Il est donc important d’être assisté d’un Avocat spécialisé en droit du dommage corporel, qui maîtrise tous ces délais, leurs dates de déclenchement et leurs durées.

◊ Les étapes de la procédure

La victime dépose une demande d’indemnisation auprès du greffe de la Commission. Celui-ci transmet alors la demande de la victime au fonds de garantie (F.G.T.I).

À compter de la réception de cette demande, le F.G.T.I dispose d’un délai de deux mois pour présenter à la victime une offre d’indemnisation.

En cas de refus motivé de formuler une offre par le fonds ou de désaccord de la victime sur cette offre, la procédure devant la CIVI se poursuit normalement et la demande fait l’objet d’une instruction.

Lorsque le dommage de la victime n’est pas consolidé (voir la vidéo à ce propos), la victime peut néanmoins formuler une demande de provision à valoir sur l’indemnisation définitive de ses préjudices.

Après l’indemnisation, le Fonds de garantie est « subrogé » dans les droits de la victime. Cela signifie que les personnes responsables de l’indemnisation de la victime seront tenues de rembourser l’indemnisation ainsi versée par le Fonds de garantie.

Le service d’aide au recouvrement (SARVI)

Lorsque la victime n’est pas admissible à la procédure d’indemnisation devant la CIVI, elle peut néanmoins bénéficier de l’aide au recouvrement.

Lorsqu’une décision a alloué à la partie civile des dommages et intérêts, celle-ci peut solliciter une aide au recouvrement en l’absence de paiement volontaire par le condamné dans les deux mois suivant le jour où la décision est devenue définitive.

La demande d’aide au recouvrement est adressée au Fonds de garantie (FGTI) et doit être présentée, toujours à peine de forclusion, dans un délai d’un an à compter du jour où la décision est devenue définitive.

Dans un délai de deux mois à compter de la réception de la demande d’aide au recouvrement, le SARVI accorde à la victime le paiement intégral des dommages et intérêts si leur montant total est inférieur ou égal à 1 000 euros.

Si le montant total des dommages et intérêts et des sommes allouées est supérieur à 1 000 euros, le SARVI accorde dans le même délai une provision correspondant à 30 % du montant dans la limite d’un plafond de 3 000 euros (sans que le montant de cette provision ne puisse être inférieur à 1 000 euros).

Il effectue ensuite les démarches à l’encontre du responsable et ne reverse à la victime que les sommes qu’il parvient effectivement à obtenir.
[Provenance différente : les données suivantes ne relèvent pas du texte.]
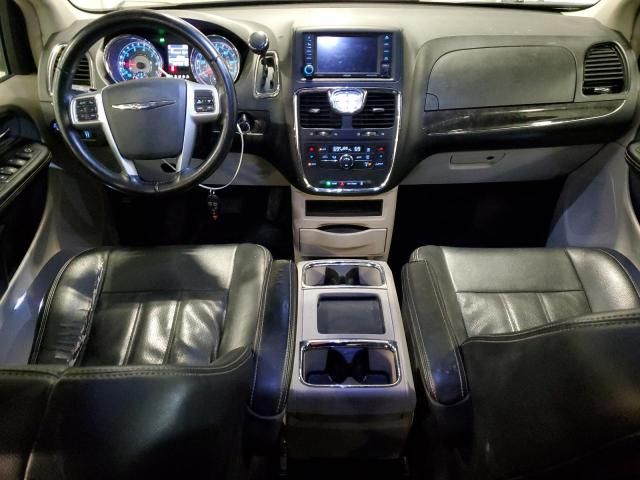 2012 Chrysler Town & Country Touring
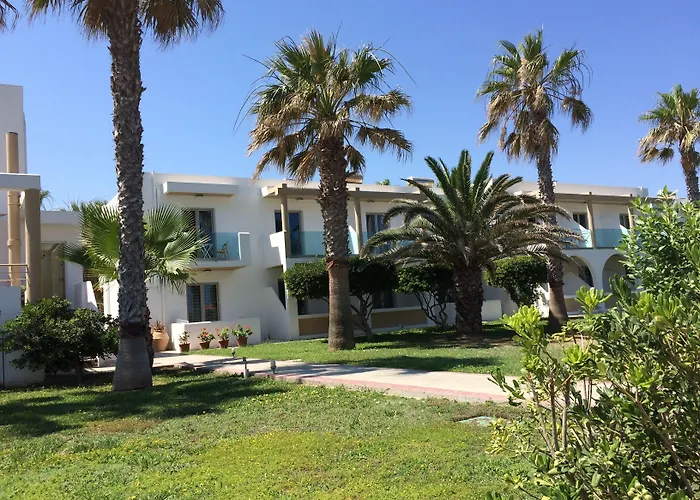 Irina Aparthotel 3*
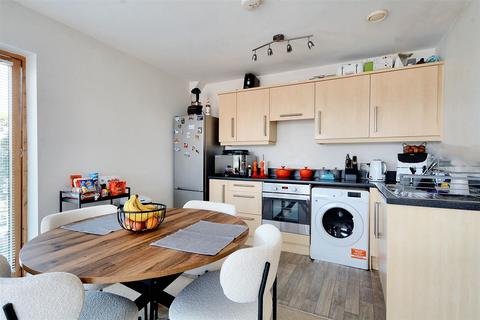 2 bedroom apartment for sale, Binding Close, Nottingham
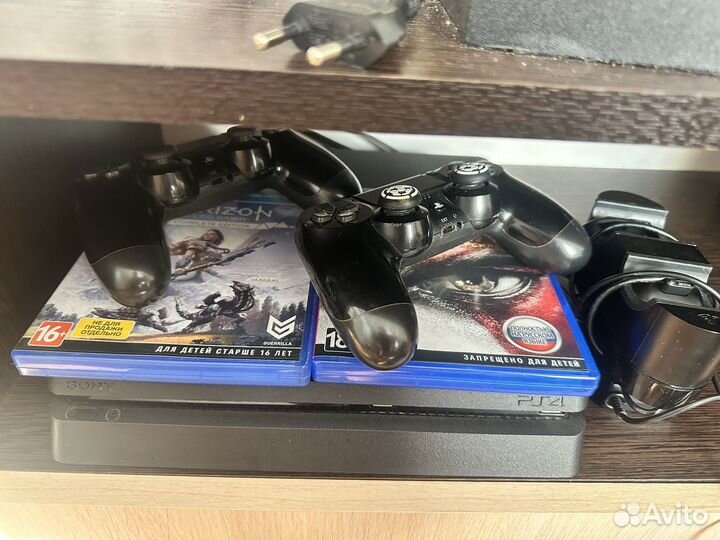 Sony playstation 4 slim с играми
Cette prise en charge est intéressante en ce qu’elle évite à la victime d’exposer des frais d’huissier, parfois en pure perte.
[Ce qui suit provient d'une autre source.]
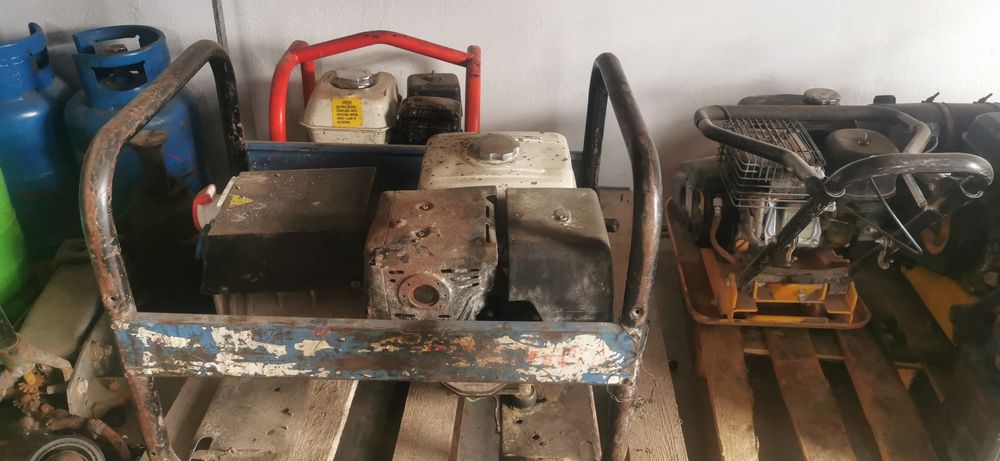 Scule construcții, mai compactor, elicopter betoane, placa compactoar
Cette présentation succincte des procédures ouvertes aux victimes d’infractions pénales permet de prendre la mesure du nombre de voies possibles pour permettre à une victime d’obtenir effectivement l’indemnisation de ses dommages. Chaque chemin a une procédure qui lui est propre avec des conditions d’accès et des délais différents. Il est indispensable de se faire assiste d’un Avocat spécialiste en dommage corporel qui saura, au vu de la situation de sa cliente, choisir en toute connaissance de cause, la stratégie la mieux adaptée à la situation de sa cliente afin de faire valoir ses droits.